YOUR ASSIGNMENT: Can you print the data exactly and leave out each image?

DATA:
***
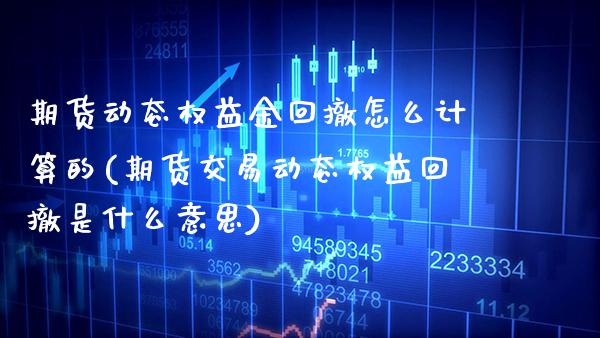 期货动态权益金回撤怎么计算的(期货交易动态权益回撤是什么意思) (https://www.njaxzs.com/) 期货行情 第1张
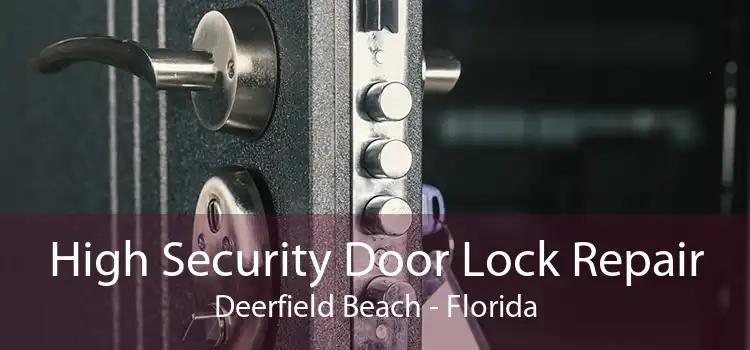 High Security Door Lock Repair Deerfield Beach - Florida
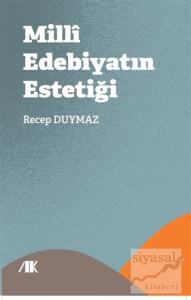 Milli Edebiyatın Estetiği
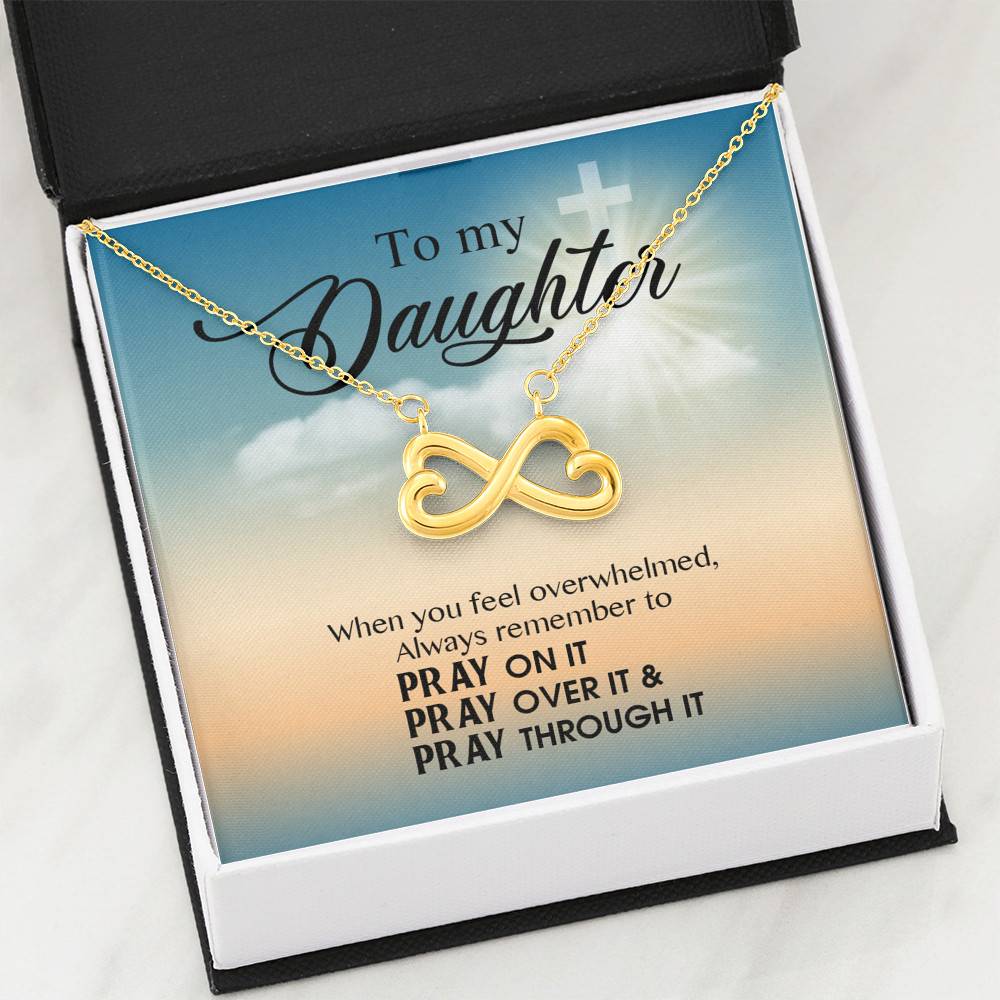 to My Daughter When You Feel Overwhelmed Pray on It Pray Over It Infinity Heart Pendant Necklace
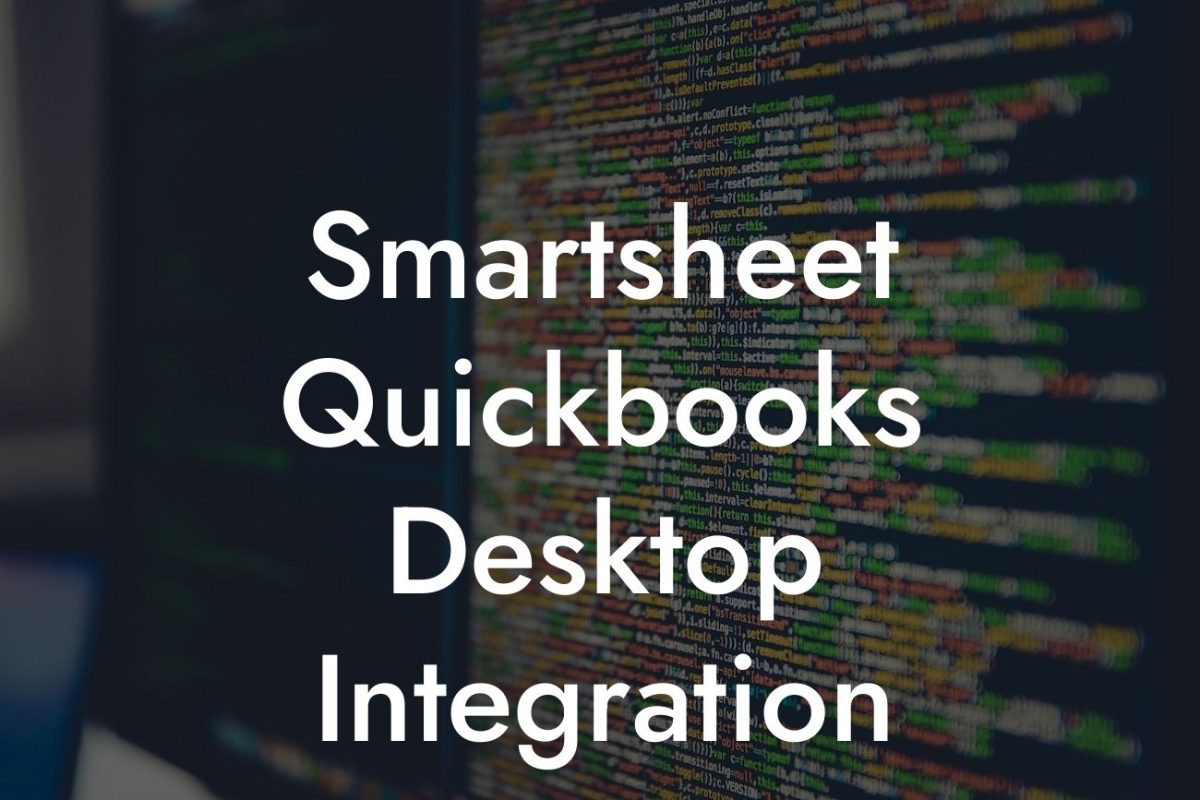 Smartsheet Quickbooks Desktop Integration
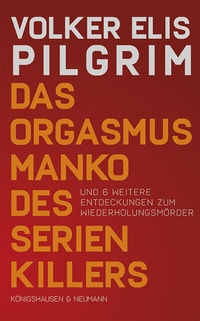 Abbildung von: Das Orgasmusmanko des Serienkillers - Königshausen & Neumann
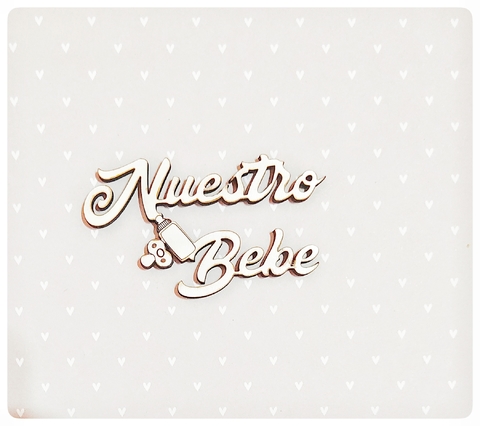 "Nuestro Bebé" en MDF color blanco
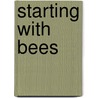 Starting With Bees door Gordon Peter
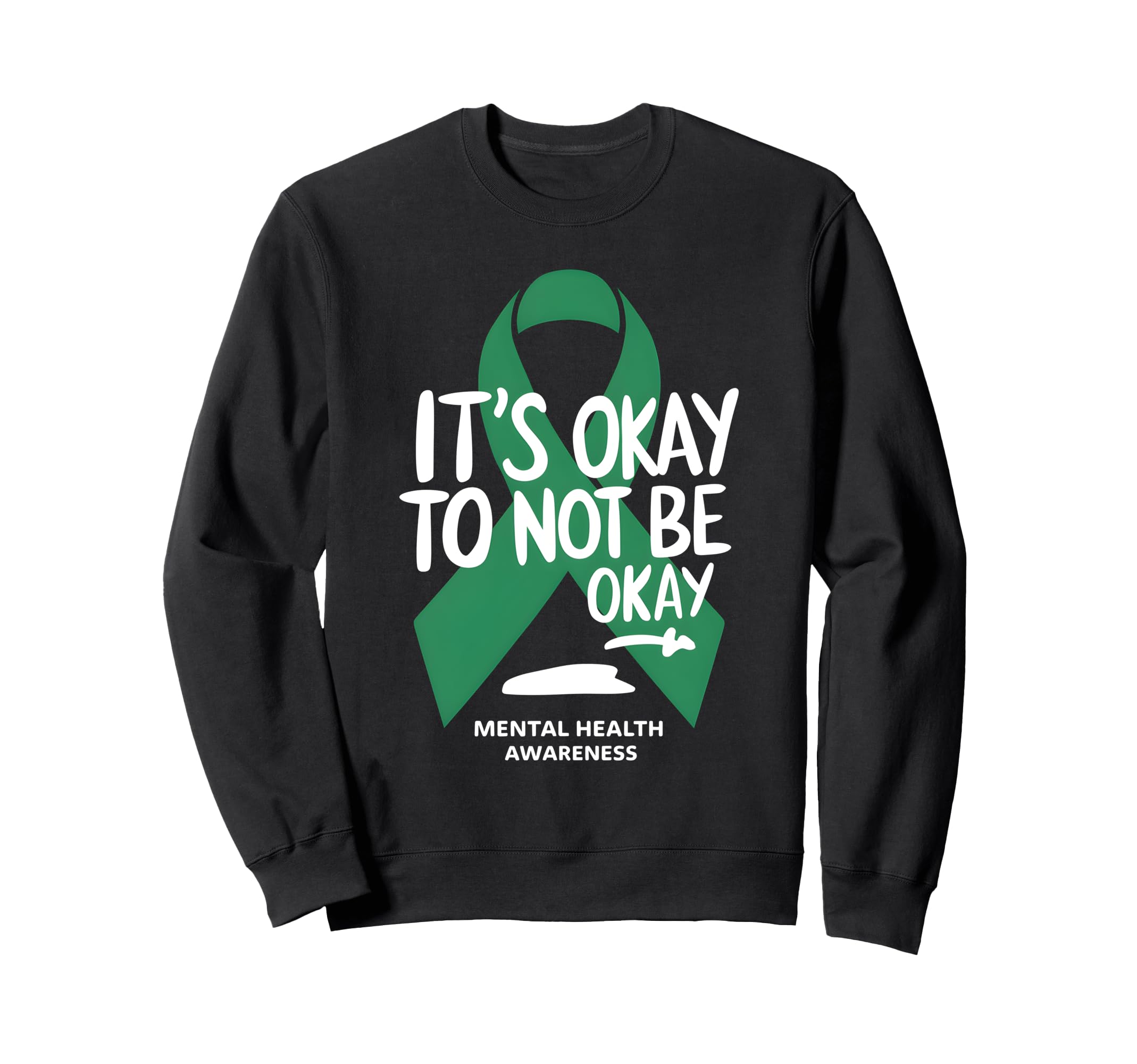 Its Okay To Not Be Okay Mental Sweatshirt - Aesthetic Graphic Men Women - T-Shirt, Sweatshirt, Hoodie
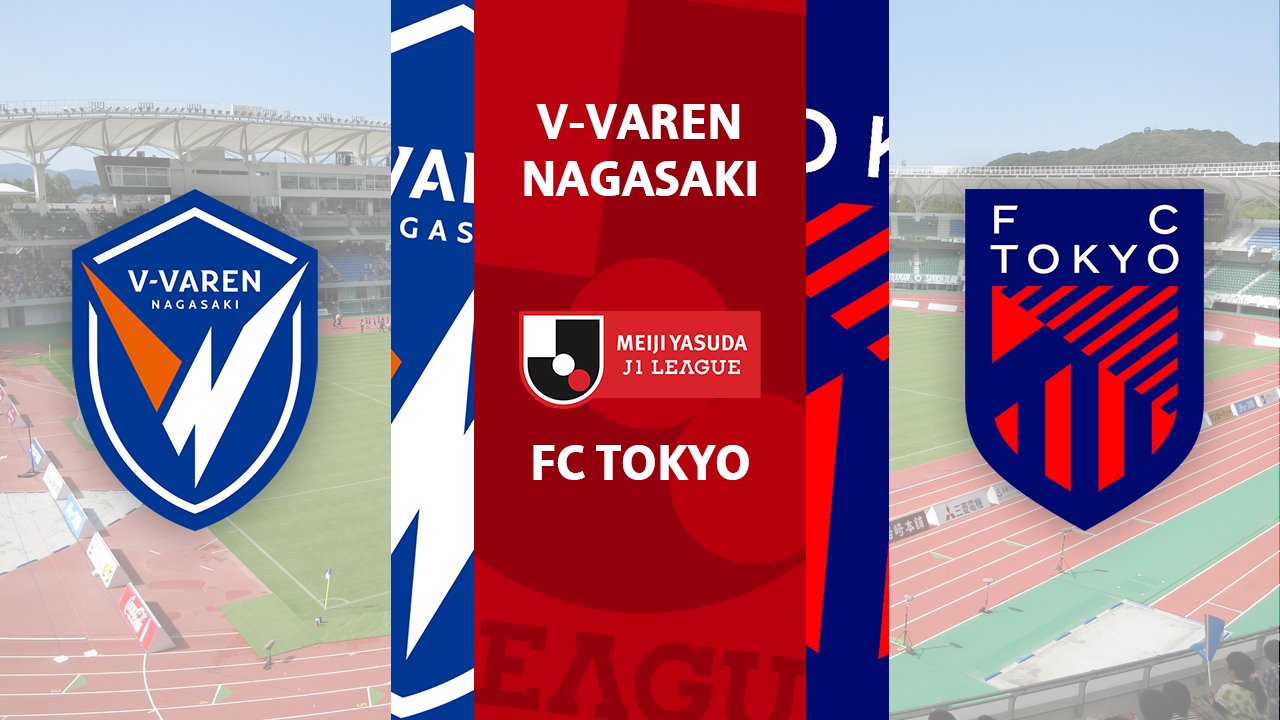 V-Varen Nagasaki vs FC Tokyo poster
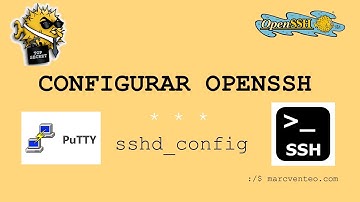 💻 CONFIGURAR OPENSSH⚠️ Conexión remota con Putty | SSH | SCP | Tunneling | X11 Forwarding | Windows
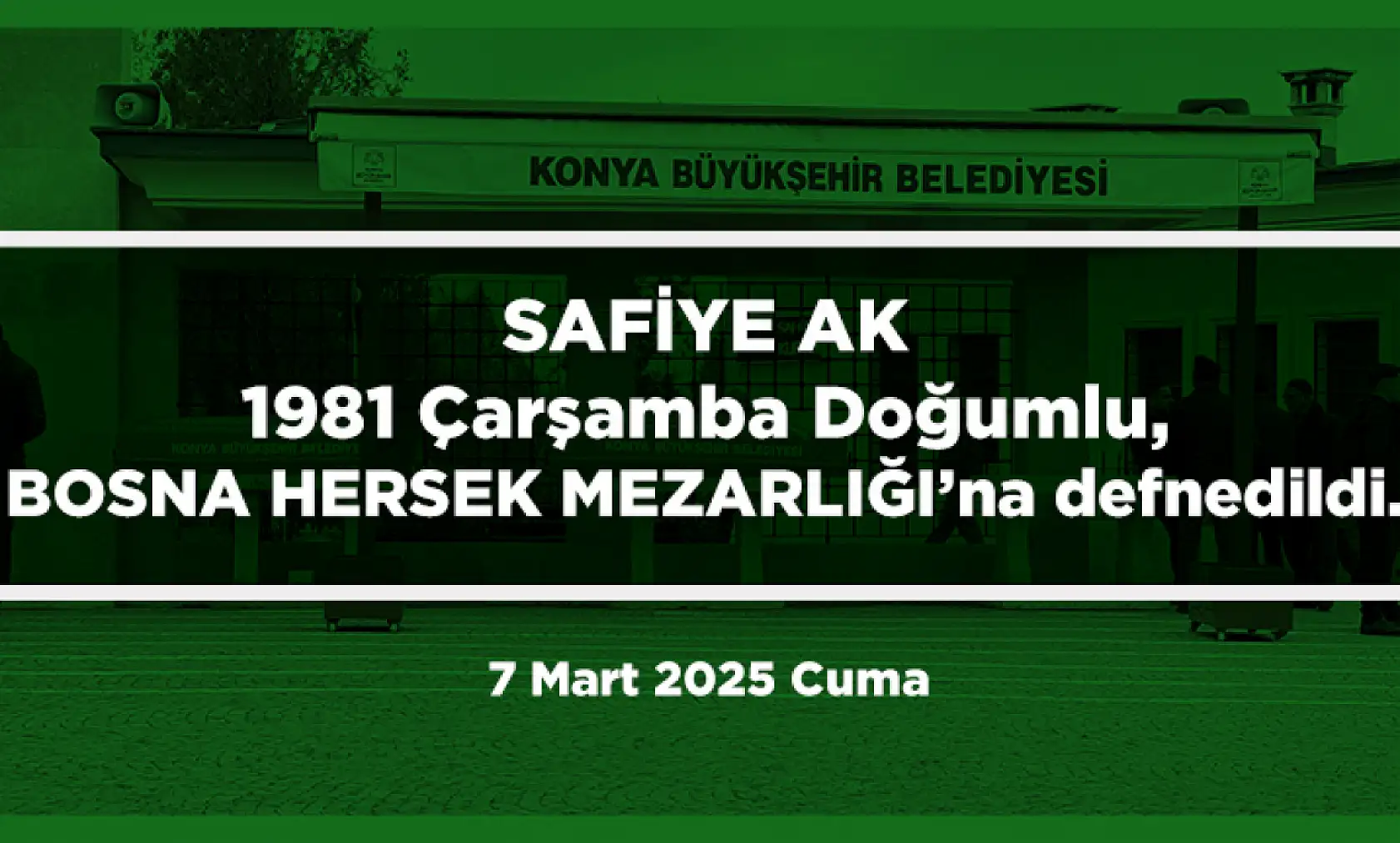 Konya'da 7 Mart 2025 Tarihinde Vefat Edenler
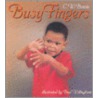 Busy Fingers door C.W. Bowie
***
TASK RESULT:
 期货动态权益金回撤怎么计算的(期货交易动态权益回撤是什么意思) (https://www.njaxzs.com/) 期货行情 第1张
 High Security Door Lock Repair Deerfield Beach - Florida
 Milli Edebiyatın Estetiği
 to My Daughter When You Feel Overwhelmed Pray on It Pray Over It Infinity Heart Pendant Necklace
 Smartsheet Quickbooks Desktop Integration
 Abbildung von: Das Orgasmusmanko des Serienkillers - Königshausen & Neumann
 "Nuestro Bebé" en MDF color blanco
 Starting With Bees door Gordon Peter
 Its Okay To Not Be Okay Mental Sweatshirt - Aesthetic Graphic Men Women - T-Shirt, Sweatshirt, Hoodie
 V-Varen Nagasaki vs FC Tokyo poster
 💻 CONFIGURAR OPENSSH⚠️ Conexión remota con Putty | SSH | SCP | Tunneling | X11 Forwarding | Windows
 Konya'da 7 Mart 2025 Tarihinde Vefat Edenler
 Busy Fingers door C.W. Bowie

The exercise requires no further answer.